Short descriptive text snippets
-*-*-

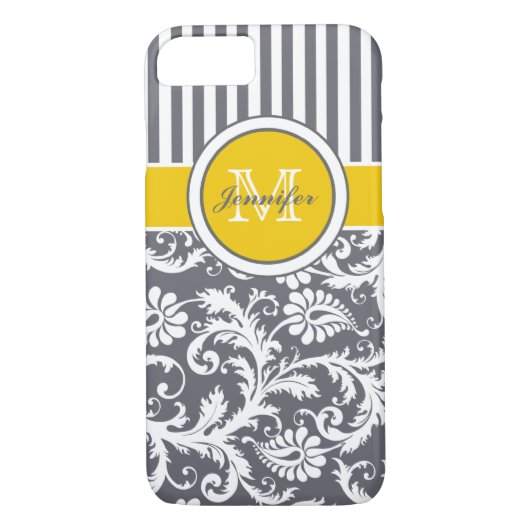 Monogram Geel Grijs Witte Stripe Damask Case-Mate iPhone Case (Achterkant)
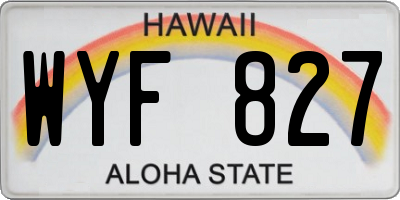 HI license plate WYF827
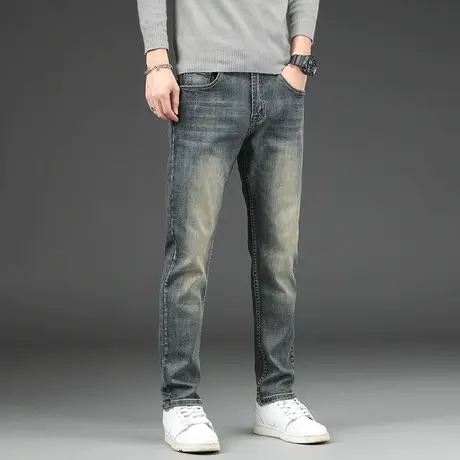 复古牛仔裤男修身直筒宽松长裤子简约柔软中腰五袋款经典潮裤子男商品大图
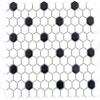 Hexagon Ceramic Mosaic Tile, Matte Black and White, 10 Sheets view 1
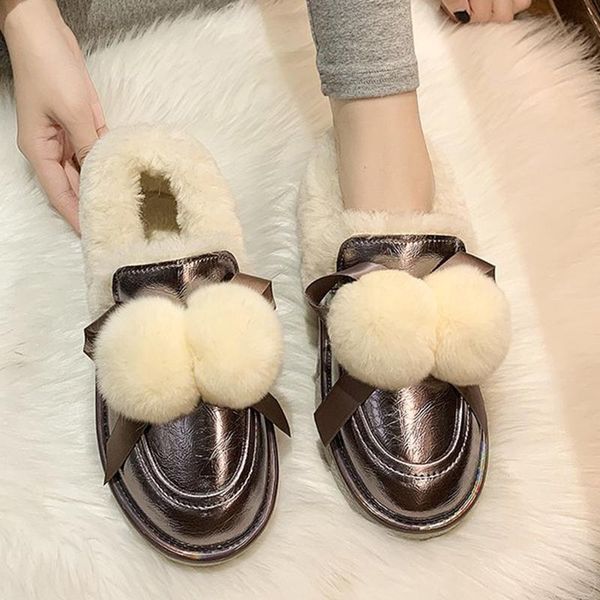 

boots rimocy sweet bow fluffy plush ball ankle women winter warm short snow female non slip platform shoes woman, Black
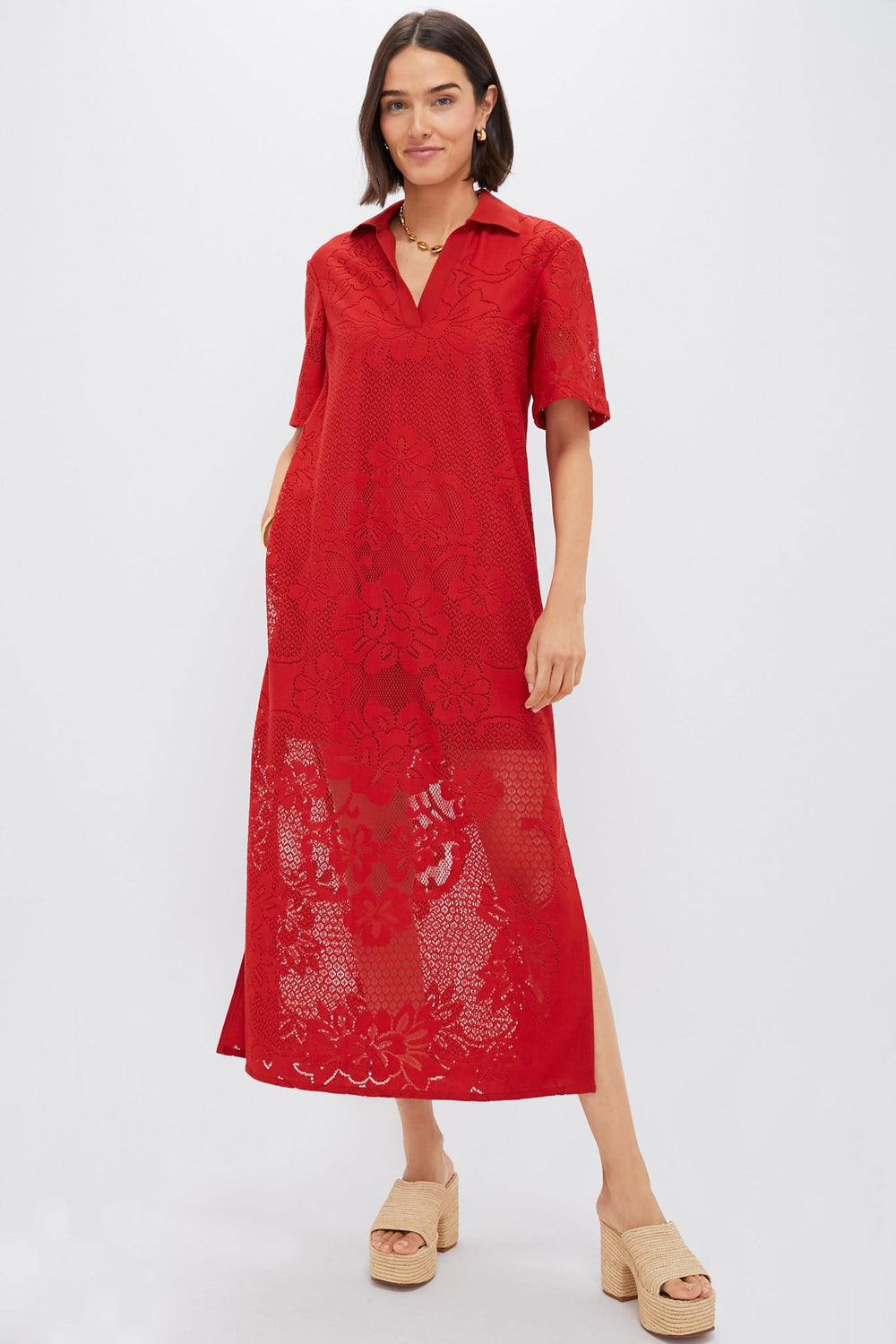 Crimson Lace Marta Dress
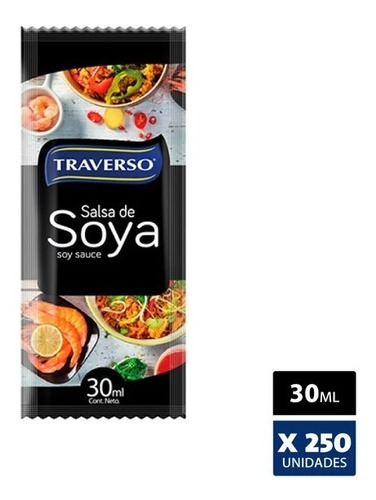 Salsa De Soya Sachet 30 Ml (250 Unidades) Traverso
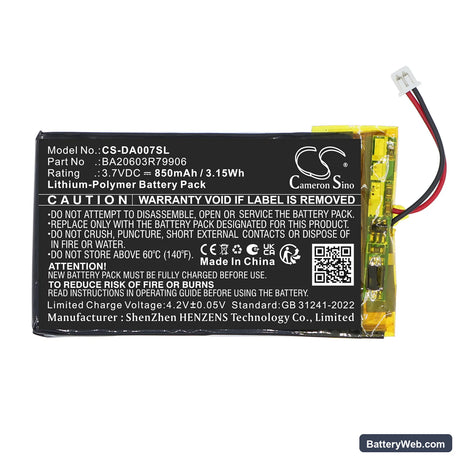 Creative Zen Neeon Replacement Battery, 3.7V, 850mAh, Li-Polymer 3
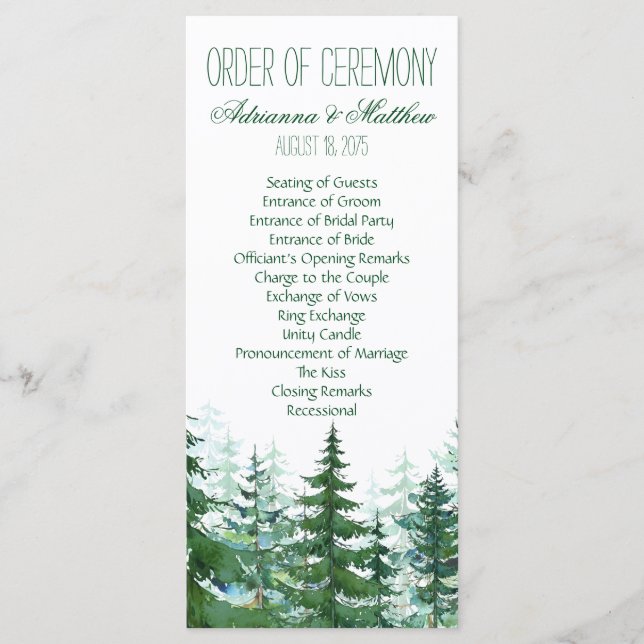 Programme Ordre de cérémonie de mariage au sapin (Devant)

-*-*-

With the pictures left aside, write out all of the records above exactly.

 Monogram Geel Grijs Witte Stripe Damask Case-Mate iPhone Case (Achterkant)
 HI license plate WYF827
 复古牛仔裤男修身直筒宽松长裤子简约柔软中腰五袋款经典潮裤子男商品大图
 Hexagon Ceramic Mosaic Tile, Matte Black and White, 10 Sheets view 1

boots rimocy sweet bow fluffy plush ball ankle women winter warm short snow female non slip platform shoes woman, Black
 Crimson Lace Marta Dress
 Salsa De Soya Sachet 30 Ml (250 Unidades) Traverso
 Creative Zen Neeon Replacement Battery, 3.7V, 850mAh, Li-Polymer 3
 Programme Ordre de cérémonie de mariage au sapin (Devant)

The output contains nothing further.